## RECORDS FOR THE EXERCISE
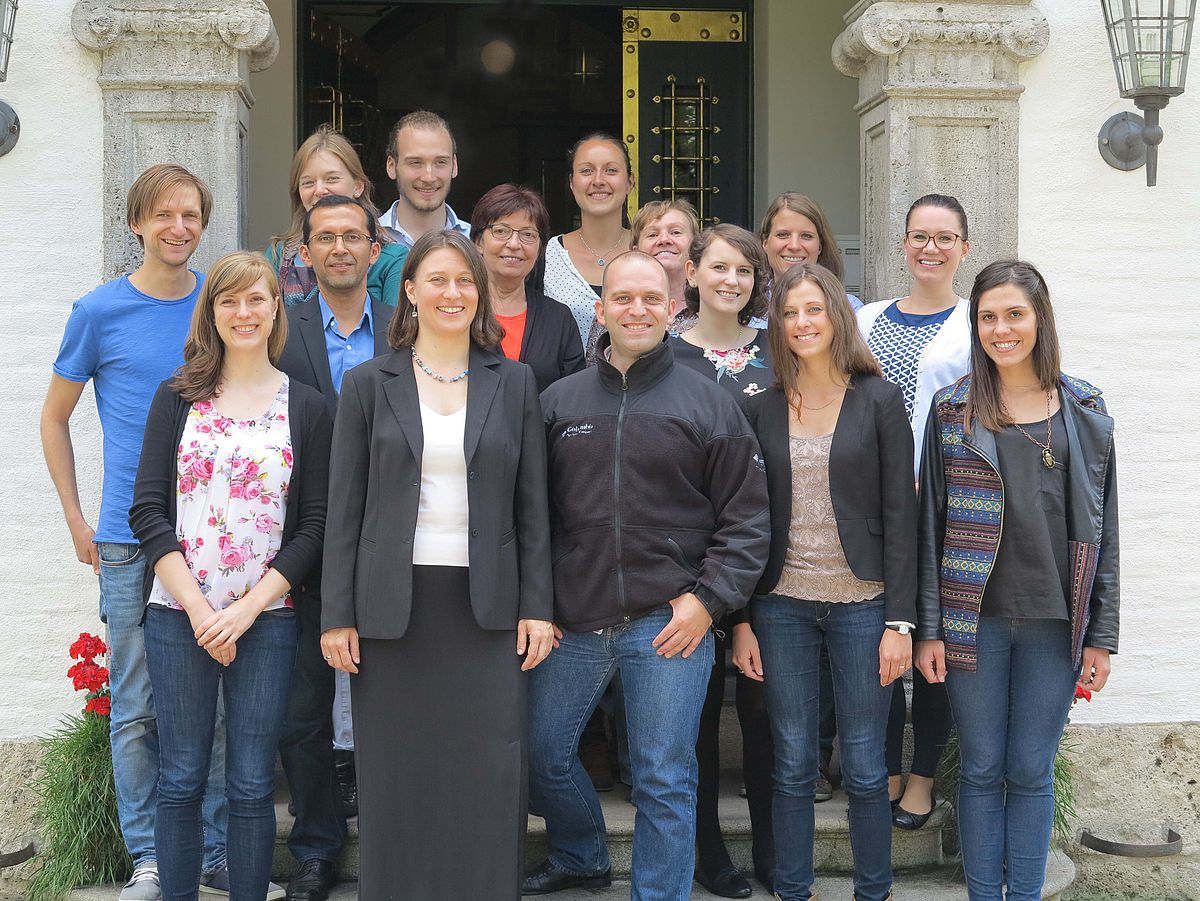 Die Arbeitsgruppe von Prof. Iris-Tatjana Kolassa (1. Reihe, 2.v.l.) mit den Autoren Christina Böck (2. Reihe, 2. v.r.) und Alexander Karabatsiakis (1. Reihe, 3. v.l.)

---

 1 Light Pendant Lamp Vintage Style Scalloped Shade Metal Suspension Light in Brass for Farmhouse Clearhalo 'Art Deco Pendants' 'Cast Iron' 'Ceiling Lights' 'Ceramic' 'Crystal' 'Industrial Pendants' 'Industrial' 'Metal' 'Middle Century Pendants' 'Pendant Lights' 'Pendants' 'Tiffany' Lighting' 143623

---

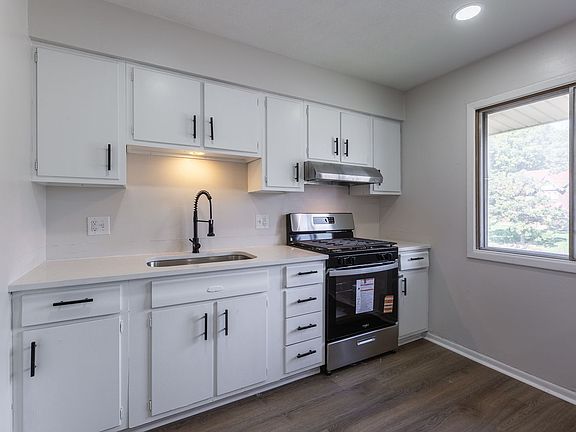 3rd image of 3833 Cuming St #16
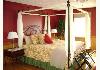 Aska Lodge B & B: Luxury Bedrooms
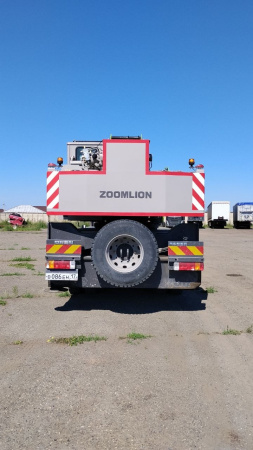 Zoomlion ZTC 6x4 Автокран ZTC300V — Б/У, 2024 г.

## TASK DIRECTIONS
Please repeat the lines of the material above exactly, starting with the line that contains "Aska Lodge B & B: Luxury Bedrooms" and ending with the line that contains "Zoomlion ZTC 6x4". Leave the pictures out.

## FINISHED TASK
 Aska Lodge B & B: Luxury Bedrooms
 Zoomlion ZTC 6x4 Автокран ZTC300V — Б/У, 2024 г.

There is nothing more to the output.